As an adamant supporter of abortion rights, I feel everyone has the right to to their beliefs as long as it isn't curtailing the rights of others. And you can be pro-choice without being pro-abortion.

The status of an early-term fetus is entirely subjective and really depends on your personal history and outlook. You can see it romantically as a "potential life" or "existing life", or simply as "a tiny blob of cells that could, but are in no way guaranteed to even without abortion, eventually replicate, grow, and form themselves into a baby." Of course people are going to have different opinions on this.

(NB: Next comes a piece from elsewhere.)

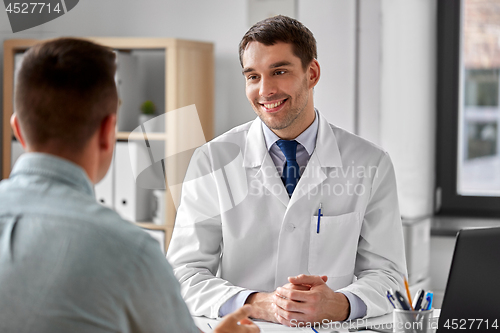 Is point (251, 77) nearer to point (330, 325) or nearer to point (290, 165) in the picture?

And then even if someone agreed with your (and I use the word in a general sense) definition of a fetus, there's still no guarantee they'll reach the same conclusion on the value of it. You have people who absolutely view a fetus as a baby, but still see cases where it's ethically permissible to abort (or merely make an exception for themselves). You have people who see a fetus as a "potential life", but determine that it's still as valueless as an acorn compared to a tree, and people who see abortion as an atrocity like you. Then you have people who feel that a fetus is nothing in particular, but either do or don't find an abortion an ethical practice for whatever reason.

As a person who exists between and encompasses both the "potential life" and "blob of cells" definitions, I disagree with you that the potential of life is anywhere near as valuable as life itself, or that the potential for life should ever override the rights of the existing form of life (the mother) in regard to controlling what exists inside of her own body.

I'm interested in more examples of what a theoretically abortion-free utopian society would look like to you though.